The reasons for the deep concern over this myopic law are multiple and valid. Even the U.S. attorneys for the four federal districts in New York — Northern, Southern, Eastern and Western — piled on with a jointly authored op-ed simultaneously published in several New York newspapers decrying the adverse public safety effects the law would engender.
But none of that was the worst of it; after all, anyone can outlast a little bit of temporary bad press and public complaints. What happened next is when the balance shifted. Both the legislators and governor were shocked — shocked! — when for once in its lackluster existence, DHS showed some backbone and in turn declared that it would no longer issue or renew trusted traveler certifications for New Yorkers.
All of a sudden Governor Andrew Cuomo is trying to play "let's make a deal" with DHS to put trusted traveler programs back on the table for the state's 20-plus million denizens. His most recent proposal is that the state will in fact provide department of motor vehicles data to immigration agencies — but stop short of giving them Social Security numbers. I'm a little puzzled by this offer. Is New York State an autocracy and Governor Cuomo the chief czar? How, exactly, does he get to pick and choose which part of a law that the legislature just passed, and that he signed into law, that he's going to honor? More likely, the reality is that he either has to shut up and enforce it in its entirety, or go back to the legislature and ask them to undo what should never have been done in the first place.
Cuomo is quoted as saying:
The Social Security numbers are the indicator of documented or undocumented, and I will never give them the Social Security numbers in the DMV database — over my dead body will I do that.
Huh. When exactly did the state of New York begin issuing Social Security numbers? Oh wait, they don't! So let me see if I have this straight: New York will refuse to give one part of the federal government official identifiers that have been issued by another part of the federal government, when the state happens to collect those numbers for its own purposes. How cockamamie is that?

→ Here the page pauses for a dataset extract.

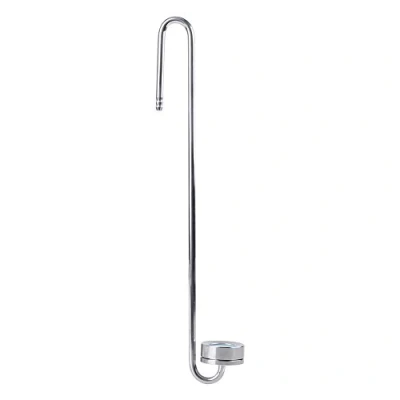 Afbeelding van CO2 Verstuiver Rvs Lange Rechte Tunnel Kooldioxide Diffuser voor Aquariumplanten Mariene Vis Tanks (300 mm)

It seems to me that the counter to Cuomo's offer is simple. First, DHS must hold strong; no bargaining of the sort that ends up benefiting one of its agencies over another, or that ends up with a partial victory of any kind — because such a victory would be Pyrrhic indeed, after all the tough administration talk about fighting sanctuaries with every weapon at its disposal.

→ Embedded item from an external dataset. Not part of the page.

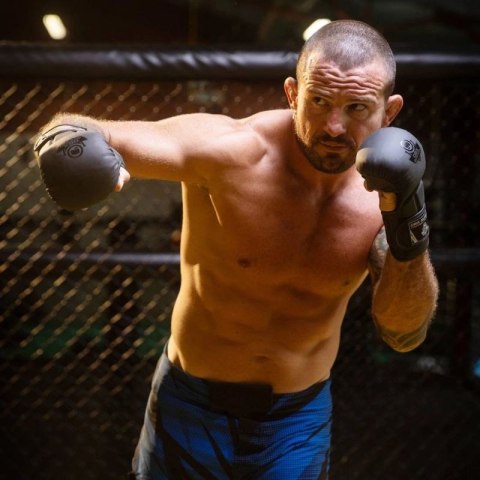 Rękawice MMAsparingowe M - Black Master - Valor Series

Second, the Social Security Administration should promulgate a regulation on an expedited basis that prohibits state and local governments from denying provision of its information and identifiers to any department or agency of the federal government in the pursuit of its lawful duties. The penalties for violating the prohibition? Surely someone at SSA can come up with something creative, but, at the very least, it would provide the basis for New York's U.S. attorneys (as well as all other U.S. attorneys elsewhere) to file a lawsuit to have courts enjoin state or local governments from engaging in such obstruction.
Hello? Is anyone in Washington listening? Isn't it time that the federal government's actions to counter sanctuary policies became a fully coordinated interagency effort?